### TASK PROMPT
Reproduce exactly the lines from the one containing "Fashion Minimalist Gold" through the end of the listing, minus the pictures.

---

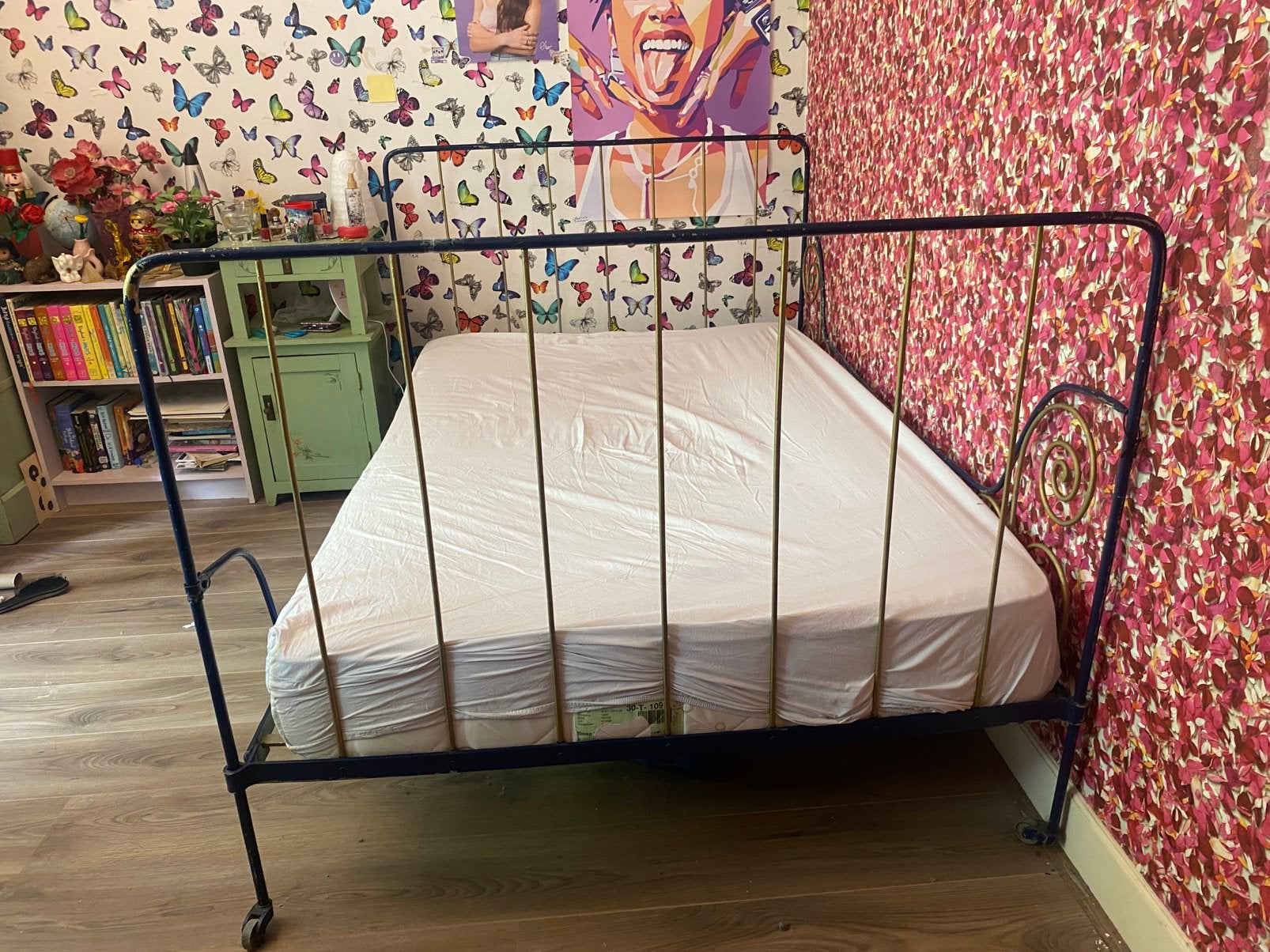 Antiek Frans bed, Huis en Inrichting, Slaapkamer | Bedden, Ophalen, Blauw, Anriek Frans, 190 cm of minder
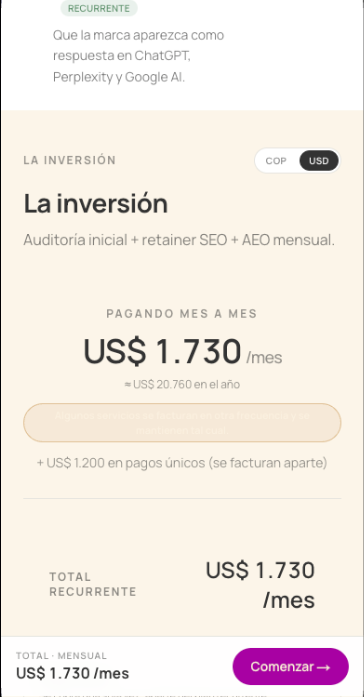 Precios de la propuesta en el celular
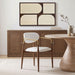 Vegan leather upholstered dining arm chair with walnut legs from Meridian Furniture, showing a modern, comfortable design.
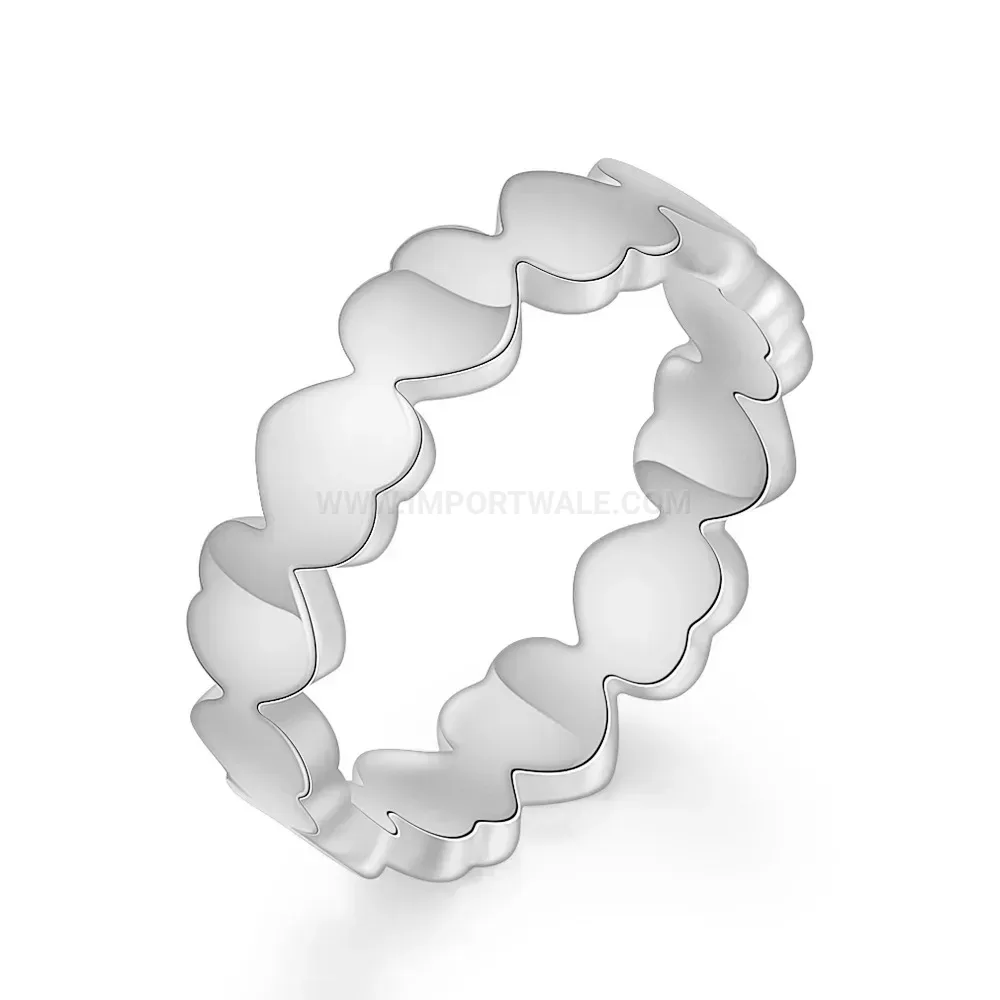 Fashion Minimalist Gold Plated Heart Band Stainless Steel Ring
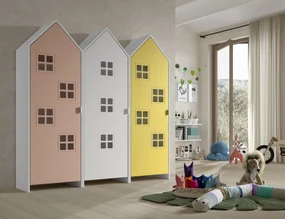 Set 3 Dulapuri pentru Copii Căsuță, Roz, Alb și Galben, (MDF) – CASAMI BRUGES – Vipack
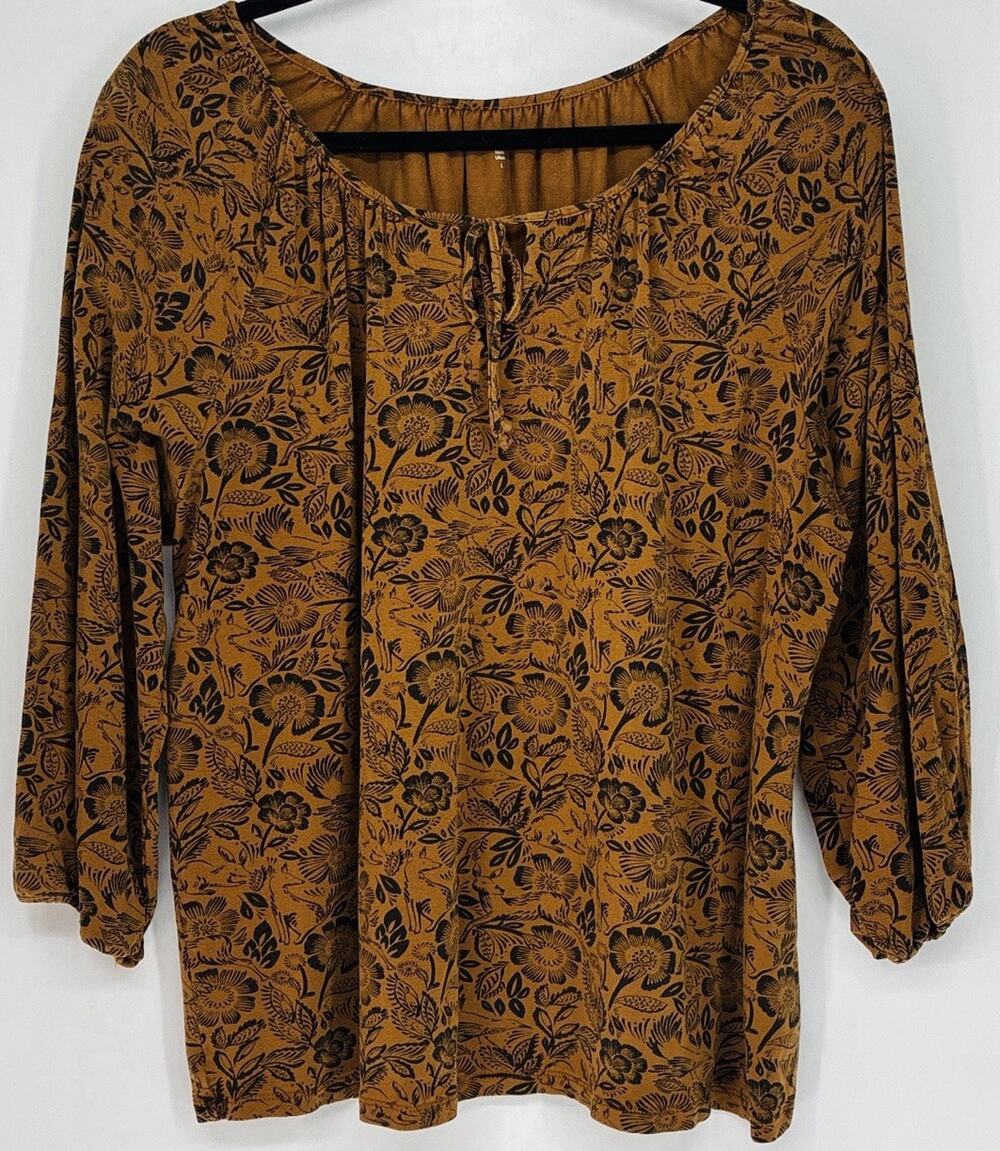 Garnet Hill L Tencel Lyocell Peasant Blouse Brown Black Woodland Floral Boho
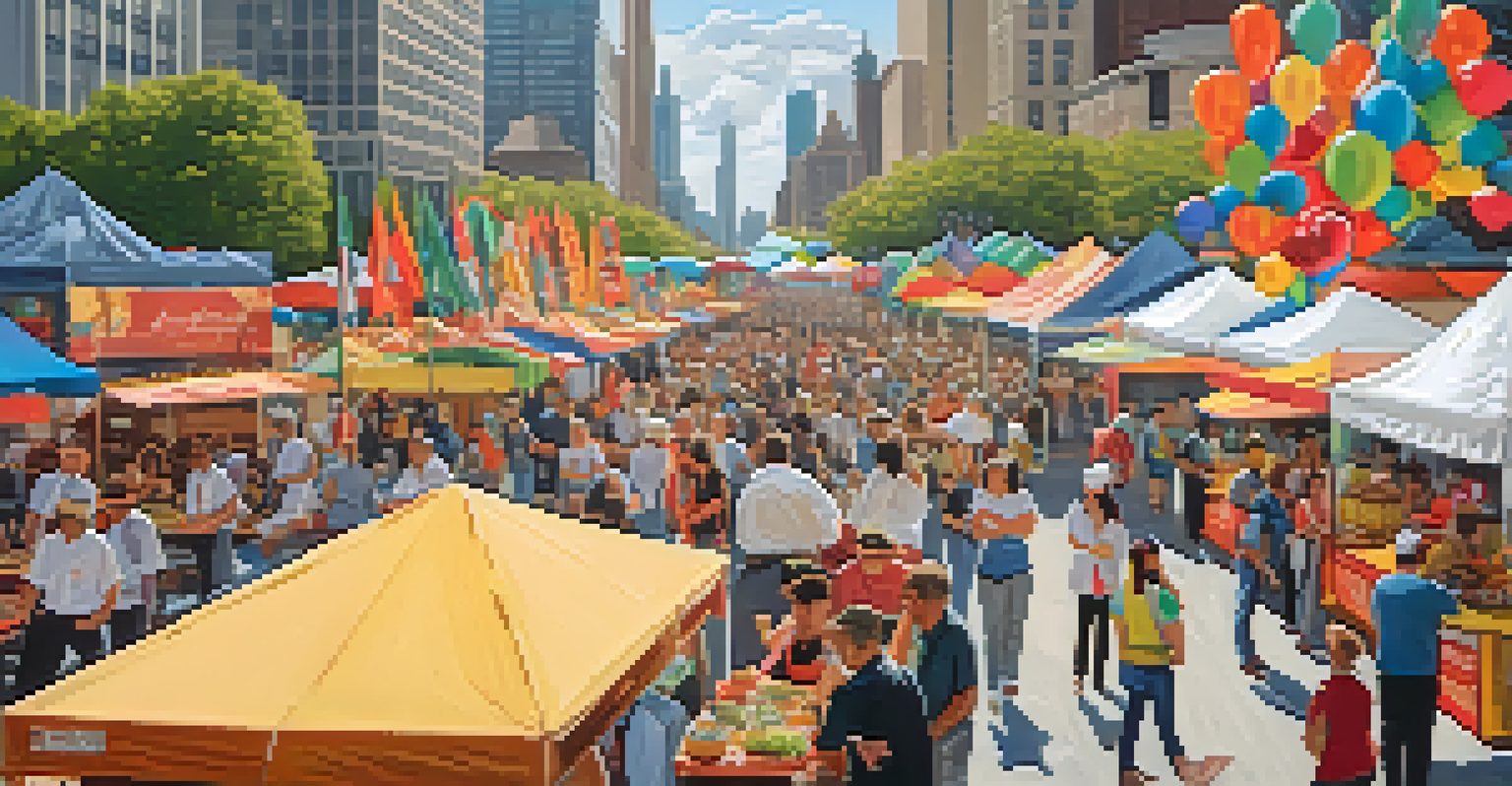 A vibrant scene at the Chicago Gourmet food festival, featuring food stalls, chefs interacting with visitors, and a festive atmosphere filled with music and cultural performances.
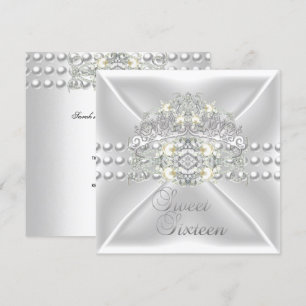 Invitación Dulces Dieciséis 16 Tiara Plata Perla Blanca Diama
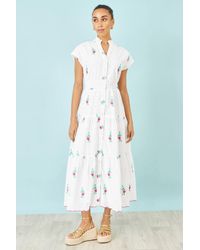 Yumi' - Cotton Broderie Anglaise Embroidered Midi Dress - Lyst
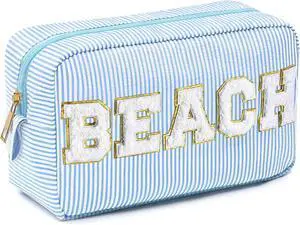 Sanwuta Seersucker Cosmetic Bags Beach Bag Seersucker Makeup Bags Stripe Women Pouch Large Preppy Storage Pouch Toiletry Travel Organizer for for Beach Travel Sanwuta Seersucker Cosmetic Bags Beach Bag Seersucker Makeup Bags Stripe Women Pouch Large Preppy Storage Pouch Toiletry Travel Organizer for for Beach Travel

---

### RESULT BELOW
 Fashion Minimalist Gold Plated Heart Band Stainless Steel Ring
 Set 3 Dulapuri pentru Copii Căsuță, Roz, Alb și Galben, (MDF) – CASAMI BRUGES – Vipack
 Garnet Hill L Tencel Lyocell Peasant Blouse Brown Black Woodland Floral Boho
 A vibrant scene at the Chicago Gourmet food festival, featuring food stalls, chefs interacting with visitors, and a festive atmosphere filled with music and cultural performances.
 Invitación Dulces Dieciséis 16 Tiara Plata Perla Blanca Diama
 Yumi' - Cotton Broderie Anglaise Embroidered Midi Dress - Lyst
 Sanwuta Seersucker Cosmetic Bags Beach Bag Seersucker Makeup Bags Stripe Women Pouch Large Preppy Storage Pouch Toiletry Travel Organizer for for Beach Travel Sanwuta Seersucker Cosmetic Bags Beach Bag Seersucker Makeup Bags Stripe Women Pouch Large Preppy Storage Pouch Toiletry Travel Organizer for for Beach Travel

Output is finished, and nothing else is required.